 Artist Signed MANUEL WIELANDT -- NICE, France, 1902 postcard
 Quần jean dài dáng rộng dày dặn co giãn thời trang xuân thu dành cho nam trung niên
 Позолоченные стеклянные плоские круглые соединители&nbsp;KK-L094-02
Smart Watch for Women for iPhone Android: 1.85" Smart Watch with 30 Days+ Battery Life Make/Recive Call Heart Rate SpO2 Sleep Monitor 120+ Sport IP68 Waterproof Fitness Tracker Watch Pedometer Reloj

--

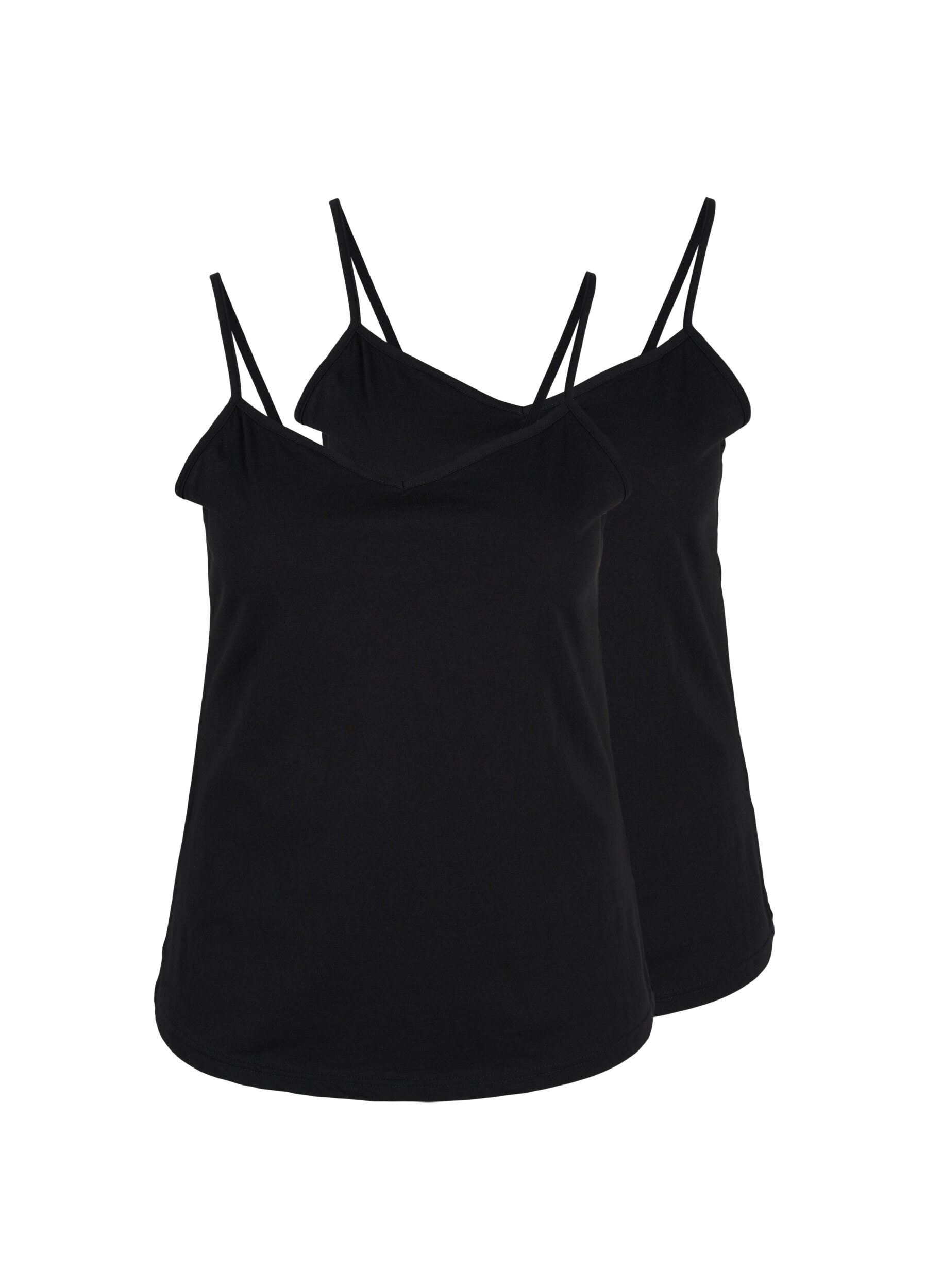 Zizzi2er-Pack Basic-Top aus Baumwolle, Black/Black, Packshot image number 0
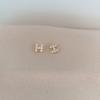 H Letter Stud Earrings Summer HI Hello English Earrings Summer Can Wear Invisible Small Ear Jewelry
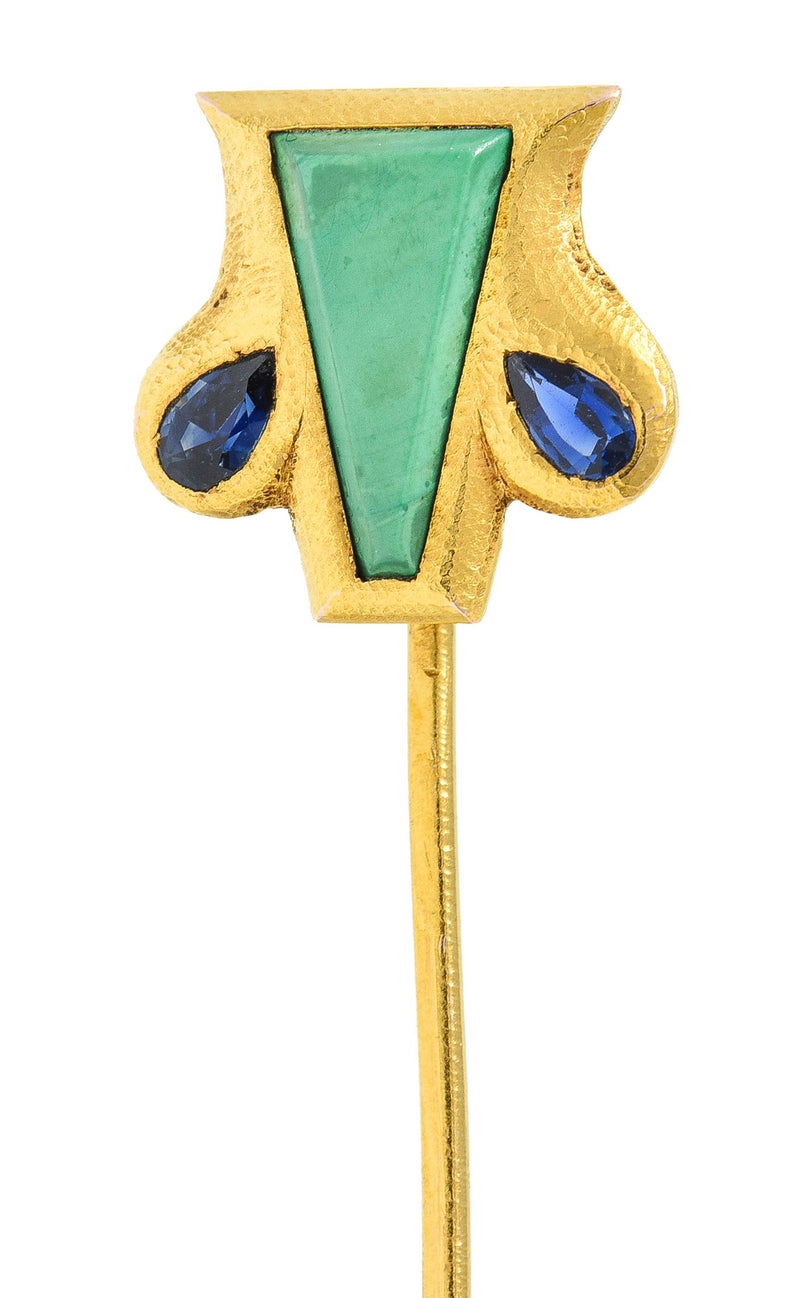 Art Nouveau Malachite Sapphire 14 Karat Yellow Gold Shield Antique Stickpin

* * *

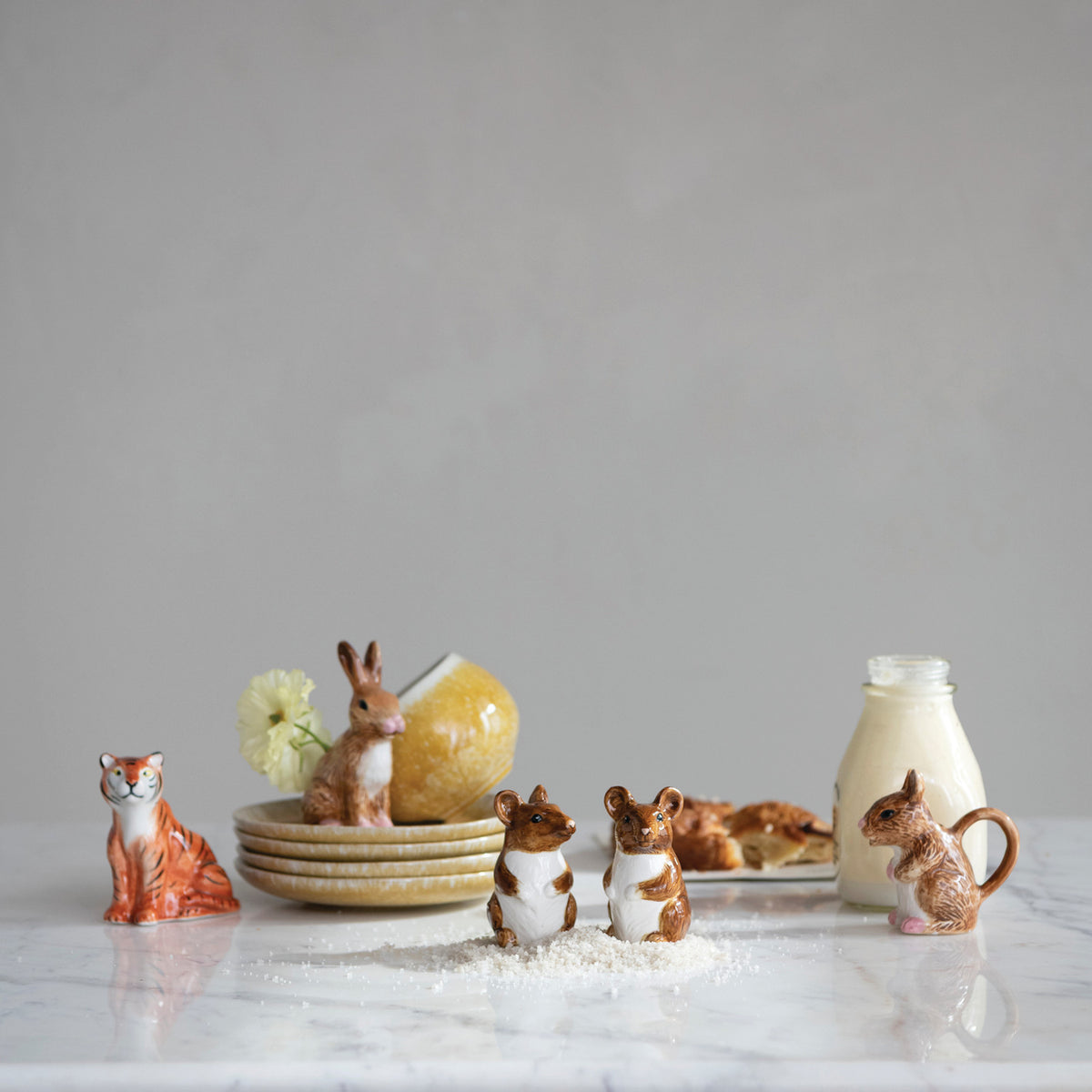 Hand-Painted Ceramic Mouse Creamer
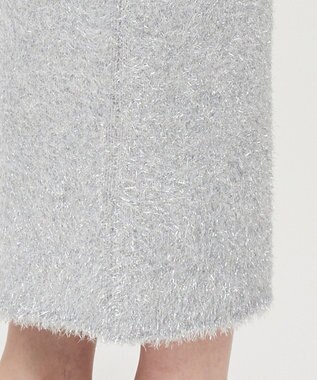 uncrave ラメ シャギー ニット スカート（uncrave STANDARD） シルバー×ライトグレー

Your objective
Each line above from the one with "Quần jean dài" up to and including the one with "Smart Watch for" must be set down exactly, and no line outside that span may appear.

Response
 Quần jean dài dáng rộng dày dặn co giãn thời trang xuân thu dành cho nam trung niên
 Позолоченные стеклянные плоские круглые соединители&nbsp;KK-L094-02
Smart Watch for Women for iPhone Android: 1.85" Smart Watch with 30 Days+ Battery Life Make/Recive Call Heart Rate SpO2 Sleep Monitor 120+ Sport IP68 Waterproof Fitness Tracker Watch Pedometer Reloj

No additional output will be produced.